Saturday, April 12, 2014

ESSAY: On Honesty, Love and How I Met Your Mother

I've read a lot about How I Met Your Mother these last couple days and I really don't agree with the prevailing sentiment about the finale. The reasons why I don't agree may seem a little strange, especially given that the following thoughts were inspired by a sitcom. Here goes anyway.

It's noted frequently that we've been conditioned to have strange and unrealistic expectations about the nature of love. Movies and literature would have us believe that love is an uncontrollable chemical reaction or a realization of fate -- a perfect and inevitable matching of symmetric but separately, incomplete, parts. Maybe I'm doing it wrong (I'm not) but, in my experience, love is just none of those things at all. How I Met Your Mother's finale has a sanguine opinions but supremely realistic opinion of love. Maybe the most realistic opinion I have yet seen in popular media

Consider the dimensions of that finale by which people seem to feel most betrayed. They spent an entire season on a wedding weekend for characters that would end up divorced. The season was punctuated by a beautiful, naked expression of love between both characters. The show spent the last two seasons convincing us that those two people were fated together.

Except it didn't.

It gave us grand, beautiful moments that served as weigh-stations along a highway of many, many smaller moments that indicated these two characters may not be right for each other. The fact that we spend so much time on a wedding weekend that ultimately ends in divorce rings incredibly true to me. How many times have we all attended events that were happy, important memories at the time but take on a different meaning later? How many photos are floating around of couples, of people that absolutely, without a doubt loved each other once but couldn't make it work? Are those moment vanished Of course not. Are they wrong or ruined or somehow rendered imperfect? Yeah, sometimes. Sometimes not. Regardless, it certainly happens and I personally don't want art (even popular art for mass consumption) to just paper over the existence of those moments or those events.

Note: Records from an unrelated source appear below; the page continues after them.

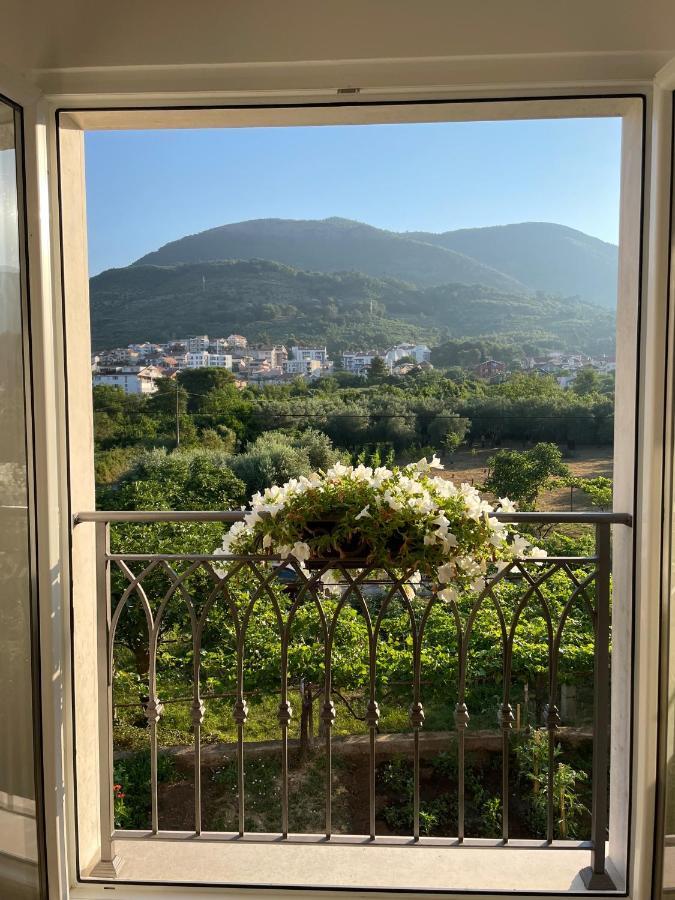 Petivat Gardens Apartment Bagian luar foto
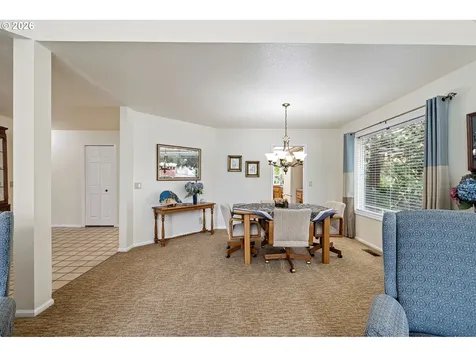 2101 Kingfisher Way Eugene OR 97401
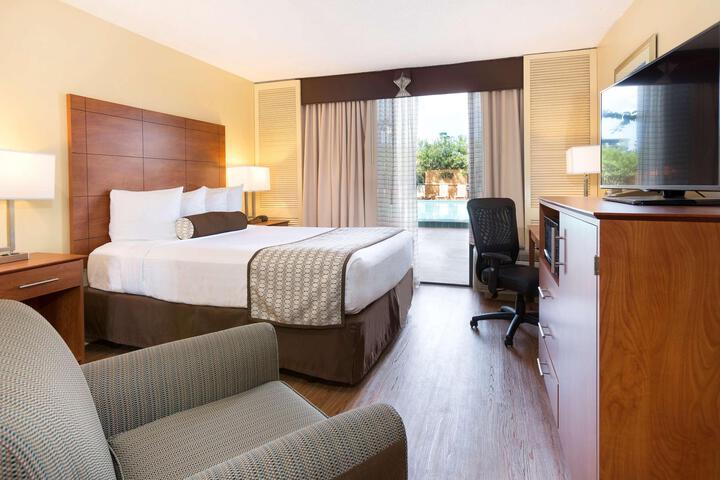 Double Accessible Queen Size Bed (5 of 18)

The show ultimately stands as an argument for many possible loves in a lifetime ensconced in a candy shell gimmick that implied there was actually only ever one love for each of us - or at least it seemed to. That's not true. That you could love someone deeply, lose them and love someone else deeply is a painful, complicated but freeing reality. I would hate the thought of Cole in love with another man - that she would give him the same looks, use the same tone of voice, hold his hand, have private jokes and feel emotions for him that were once reserved only for me. The only thing I could hate more than that is the thought that she would go on alone and unfulfilled simply because she had had the bad fortune of losing me.

That we didn't see Ted truly mourn The Mother in that episode was a function of time. It would take a multi-part arc to convey that honestly which would undercut the shock of the final reveal. It wasn't perfect storytelling admittedly (especially on a show that could certainly take the scenic routes), but if we had more than a vague notion of what was coming the emotional impact would have been greatly diminished. It was a tough narrative choice and understand why they made the one they did.

We spent 9 years with the character Ted and because of that we know - we absolutely know with certainty - that he sincerely mourned The Mother and continued to mourn her even as he found his way back to Robin. We only had a few minutes to process The Mother's death. Ted had five years. If you judge his return to Robin as an indication that Ted was somehow cold, cynical or sselfish, I don't know what to tell you. That reads to me as a weird combination of moralistic and self-righteous. On matters of the heart, at least, Ted definitely earned the benefit of the doubt.

The fact that The Mother was a one instead of the one doesn't make their time together any less precious. Nor does the fact that Ted ultimately found his way back to Robin.  That Ted could genuinely let go of Robin and then rediscover his feelings for her later doesn't invalidate his time with the mother nor does it read to me as heartless, stupid or even unlikely. The devil - in love, as in all things - is in the details, and timing is pretty important detail.

The reaction to this show is the world reacting negatively to their being forced to confront and reevaluate their fairy tale notion of how love and monogamy really functions (when it functions at all). That the show seemed to be offering a fairy tale while all the while surreptitiously making a far more complex and honest emotional argument makes the ending only that much more brave. I loved it and given time, I think more people will grow to love it, too.